Christa Schechtl's
"Der Schrei" 3

Gert Braun, Freier Journalist

Mitten unter uns

Ein erster Geiger
und seine zweite Frau

Es geschah im vergangenen August bei der Geburtstagsparty einer Nachbarin, bei einem "Champagner-Frühstück" im Garten ihrer Villa. Neben mir an einem Stehtisch mit Barhocker saß ein Berufsmusiker im Ruhestand, alter Freund des Hauses. Er war ohne Begleitung. Ich sah ihn zum ersten Mal.
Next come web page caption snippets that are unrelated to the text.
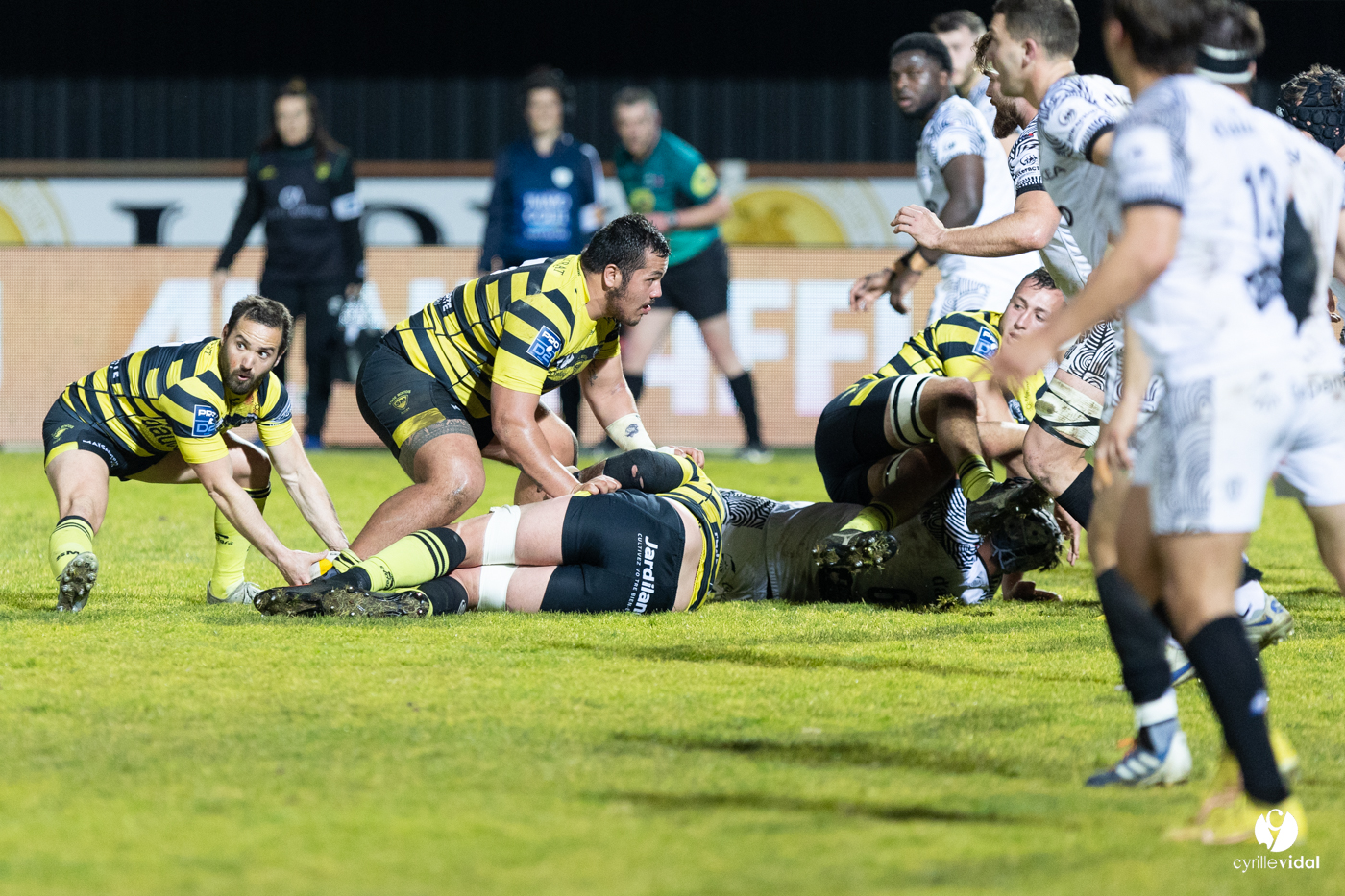 Stade Montois Rugby - Vannes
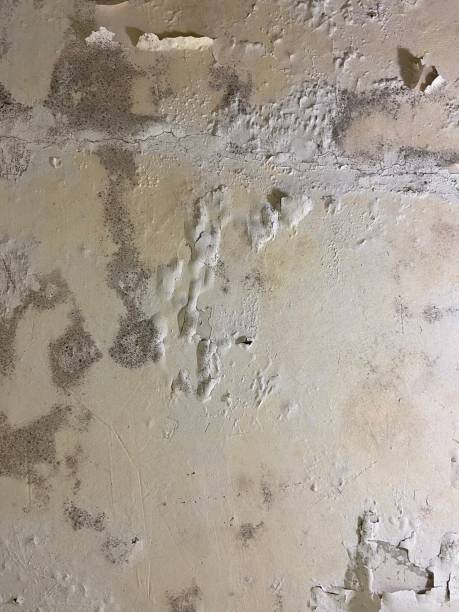 Best Mold Testing and Removal  in Longtown, OK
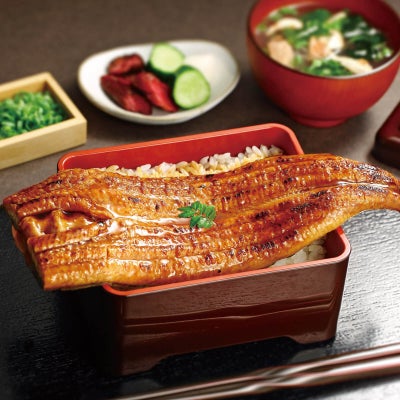 大森淡水 特大国産うなぎ蒲焼（長焼）300g（1尾入）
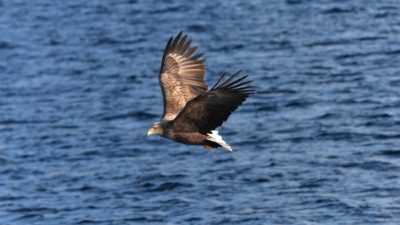 örn flyger över vatten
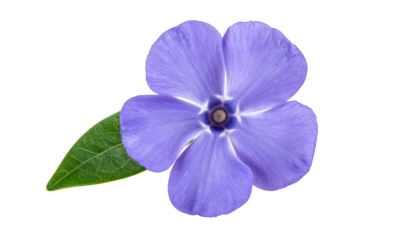 Close-up of a delicate, five-petaled, violet bloom with a single green leaf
Seine Violine für ein späteres Ständchen hatte er noch im Auto. Irgendwie kam er sehr bald auf seine 20 Jahre jüngere, zweite Frau zu sprechen, eine Chinesin, die nach München kam, um eine Akupunktur-Praxis zu eröffnen. Seine Rückenschmerzen und ihre Nadelstiche brachten sie zusammen. Auch durch die Kochkünste seiner Frau erlebt er einen zweiten Frühling: "Kürzlich hat sie mir einen feinen Braten mit Reis und Sojasprossen serviert und mich danach gefragt: Und, wie hat es dir geschmeckt?" "Ausgezeichnet." "Siehst du, dann weißt du jetzt auch, wie lecker Hunde sein können." Schockiert wollte ich wissen, wie er darauf reagiert hat. "Ach, ich habe mir's kurz überlegt und dann gedacht: Andere Länder, andere Sitten. Die essen halt Hunde, wir Schweine und Rinder."

Dieser Mann, dessen Liebe brutal durch den Magen geht, war 30 Jahre lang Erster Geiger bei der Bayerischen Staatskapelle am Nationaltheater.

Unzählige Male saß er im Orchestergraben und hat bei Opern, wie "Zauberflöte", "Tristan und Isolde", "Rosenkavalier" die Sänger mit den emotional passenden Akkorden begleitet, aber als Privatmann unterscheidet er nicht das Innenleben eines Mastochsen von dem eines treuen, sensiblen Hausgenossen. Oder die Vorgeschichte eines gut schmeckenden Bratens ist ihm einfach egal. Hauptsache, er kann mit vollen Backen als letztes Glied der Nahrungskette sitzen. Diesem gestandenen Bayern, im zweiten Frühling, bekocht von einer Chinesin, kommt auch nicht in den Sinn, dass er mit seinem indifferenten Appetit dazu beiträgt, die Sitte eines anderen Landes als grauenhafte Unsitte in unsere Region einzuschleusen. Sie ist nun mitten unter uns. Unter solcher Gedanken- und Gemütslosigkeit vieler, vieler Mitbürger gegenüber den vierbeinigen, mehr oder minder beseelten Geschöpfen, hat auch Christa Schechtls Engagement zu leiden.

Das macht sie oft sehr einsam und verständnislos. Aber immer wieder rafft sie sich auf und kämpft weiter, vor allem, wenn sie an die Hilfe suchenden Blicke ihrer Schützlinge denkt. Bei Bitten um Unterstützung bekommt Sie meistens die Antwort: "Kümmern Sie sich lieber um hungernde Kinder!" Rückfragen, was sie selbst dafür tun, erübrigen sich. Dass Christa Schechtl trotz aller Widerstände und Gleichgültigkeiten schon seit langem ihr totales Leben einsetzt, für Not leidende Tiere auch schon ihre Lebensversicherung aufgebraucht hat, ist mehr als nur ungewöhnlich, für mich ein gottgewollter Gegenpol, beispielsweise zu dem ehemaligen Geiger von der Staatskapelle. Dieser bezieht vom Staat regelmäßig bis an sein Lebensende seine "wohlverdiente" Pension, im Grunde auch von der Hundesteuer. Christa Schechtl ist unversichert weiterhin mit dem Bettel-, zugleich Hirtenstab unterwegs.